# [What to work on]
Copy out exactly the stretch below, from the line with "Sunny Health &" through the line with "The 2000 Hot", both included; the pictures stay out.

# [Stored data]
■ ■ ■ ■ ■ ■ ■
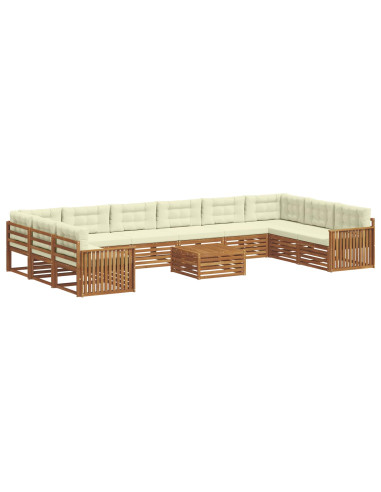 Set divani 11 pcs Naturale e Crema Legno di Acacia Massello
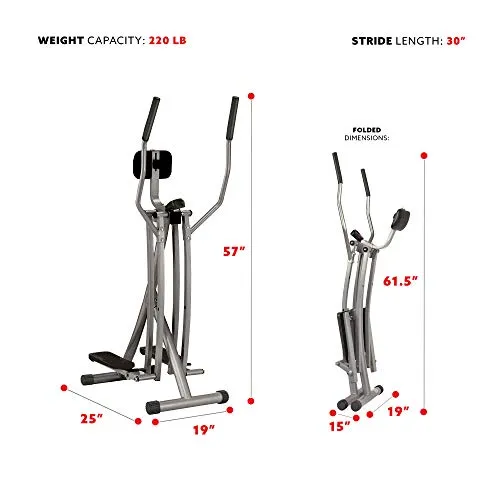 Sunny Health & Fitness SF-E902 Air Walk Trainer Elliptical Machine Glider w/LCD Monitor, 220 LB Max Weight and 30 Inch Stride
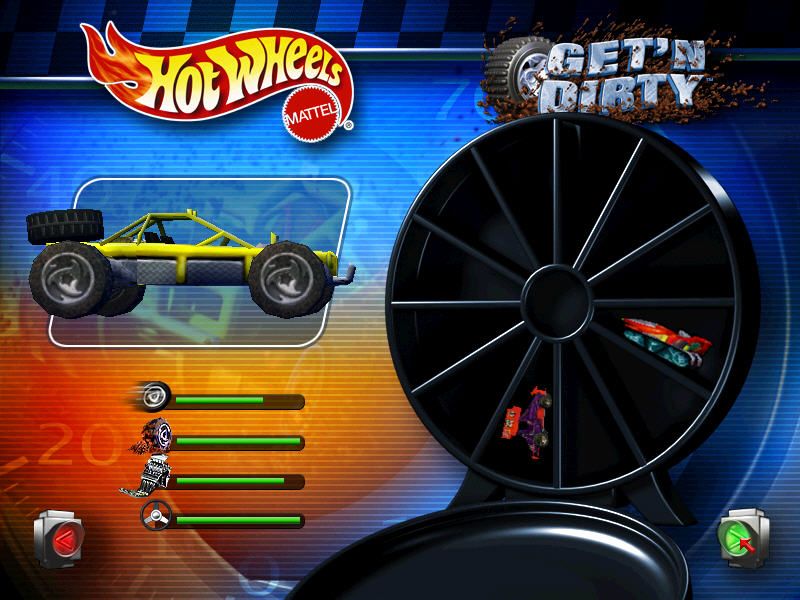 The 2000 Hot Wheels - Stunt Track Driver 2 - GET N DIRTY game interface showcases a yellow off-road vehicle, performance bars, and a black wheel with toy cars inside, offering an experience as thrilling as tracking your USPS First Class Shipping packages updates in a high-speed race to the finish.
■ ■ ■ ■ ■ ■ ■
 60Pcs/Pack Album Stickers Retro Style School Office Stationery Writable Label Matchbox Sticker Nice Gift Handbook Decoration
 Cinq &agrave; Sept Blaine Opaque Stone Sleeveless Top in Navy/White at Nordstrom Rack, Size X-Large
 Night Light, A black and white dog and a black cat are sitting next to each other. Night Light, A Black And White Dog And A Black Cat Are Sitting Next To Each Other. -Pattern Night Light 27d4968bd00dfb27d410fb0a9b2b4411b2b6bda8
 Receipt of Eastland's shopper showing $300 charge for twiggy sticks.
■ ■ ■ ■ ■ ■ ■
# [Exercise answer]
 Sunny Health & Fitness SF-E902 Air Walk Trainer Elliptical Machine Glider w/LCD Monitor, 220 LB Max Weight and 30 Inch Stride
 The 2000 Hot Wheels - Stunt Track Driver 2 - GET N DIRTY game interface showcases a yellow off-road vehicle, performance bars, and a black wheel with toy cars inside, offering an experience as thrilling as tracking your USPS First Class Shipping packages updates in a high-speed race to the finish.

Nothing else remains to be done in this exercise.